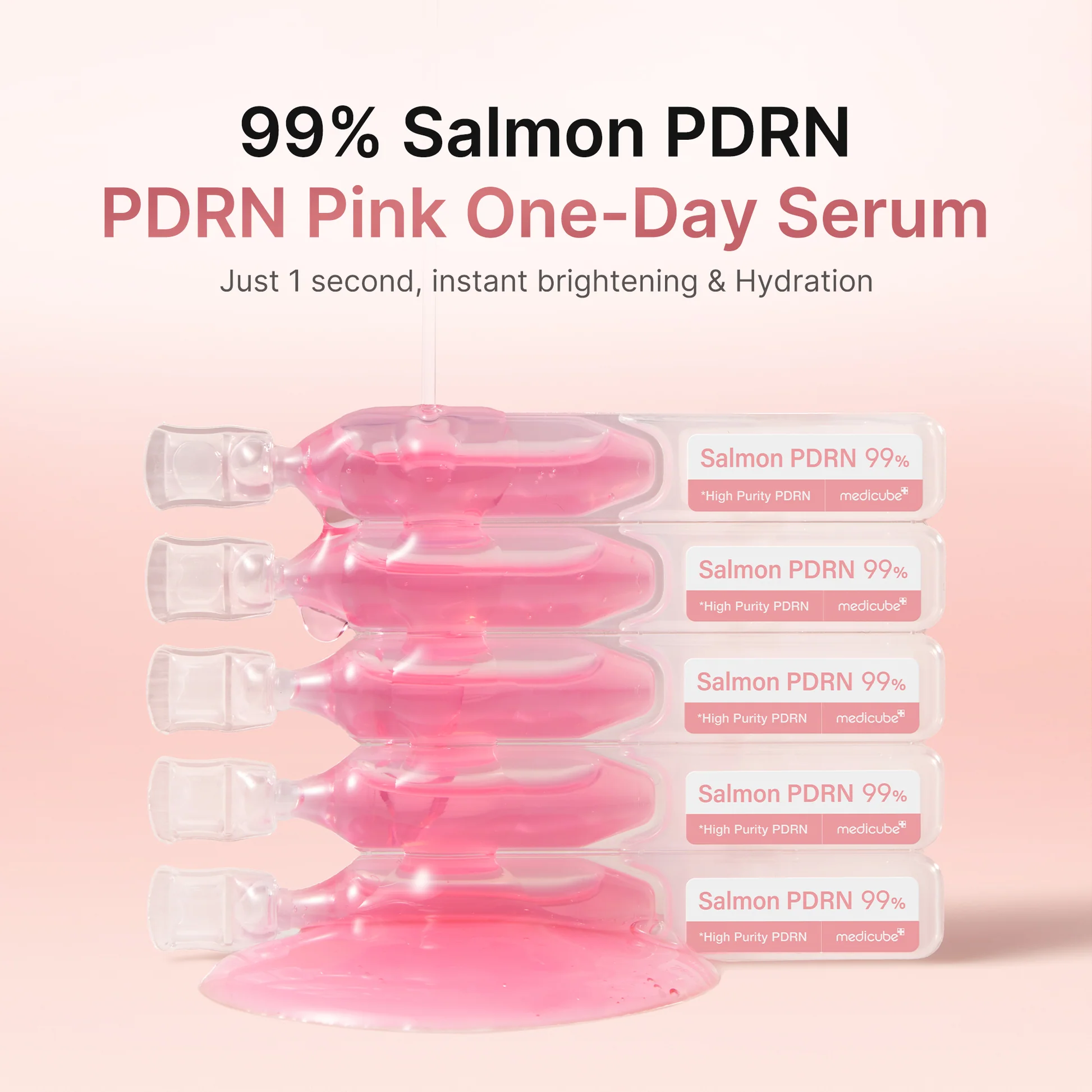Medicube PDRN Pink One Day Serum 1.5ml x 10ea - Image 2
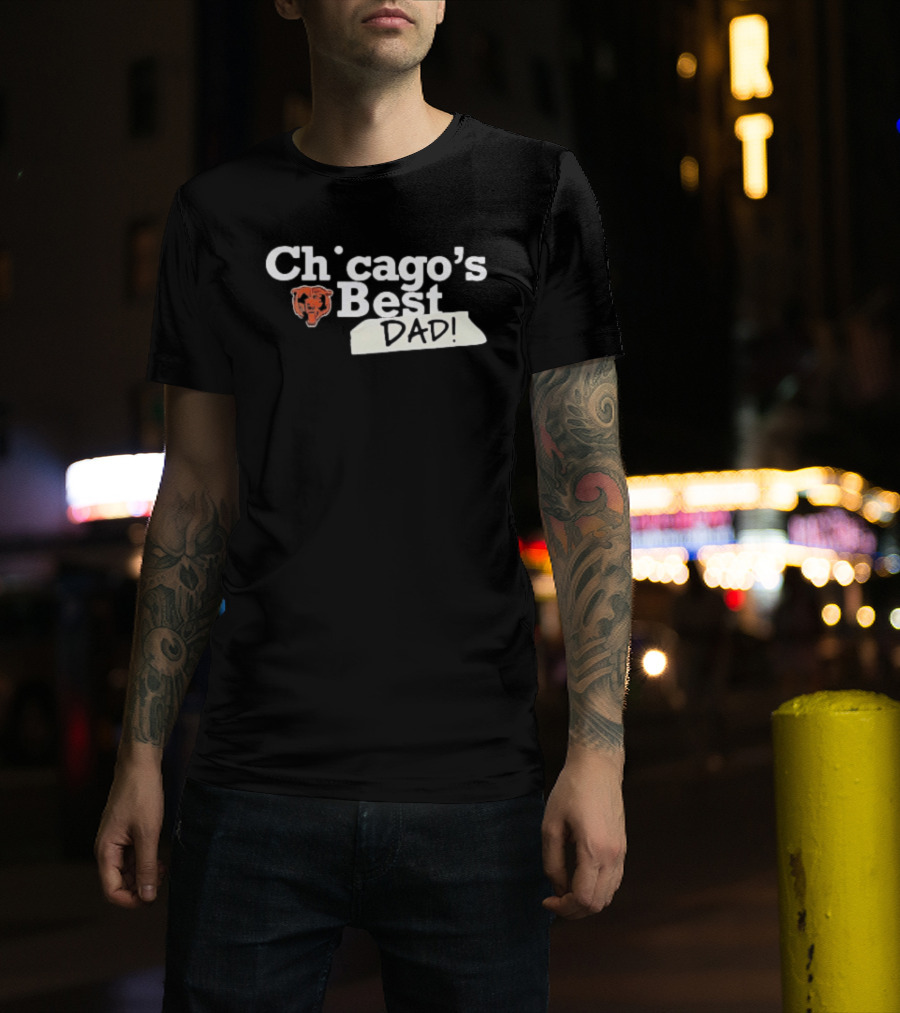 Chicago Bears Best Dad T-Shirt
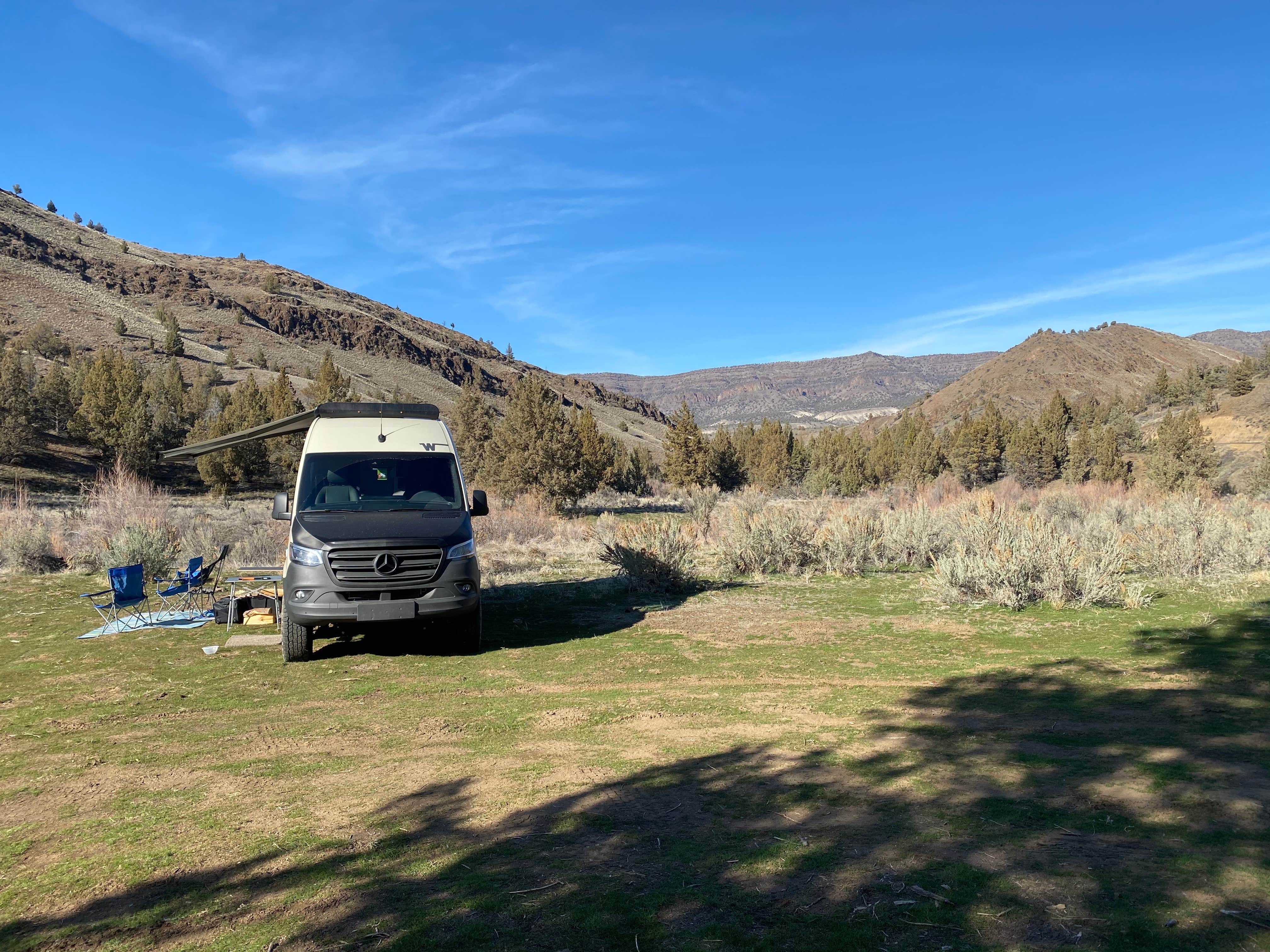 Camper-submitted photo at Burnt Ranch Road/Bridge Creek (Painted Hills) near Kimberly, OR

_Problem description_
Word for word, restate each line above, minus its pictures.

_Problem solution_
Medicube PDRN Pink One Day Serum 1.5ml x 10ea - Image 2
 Chicago Bears Best Dad T-Shirt
 Camper-submitted photo at Burnt Ranch Road/Bridge Creek (Painted Hills) near Kimberly, OR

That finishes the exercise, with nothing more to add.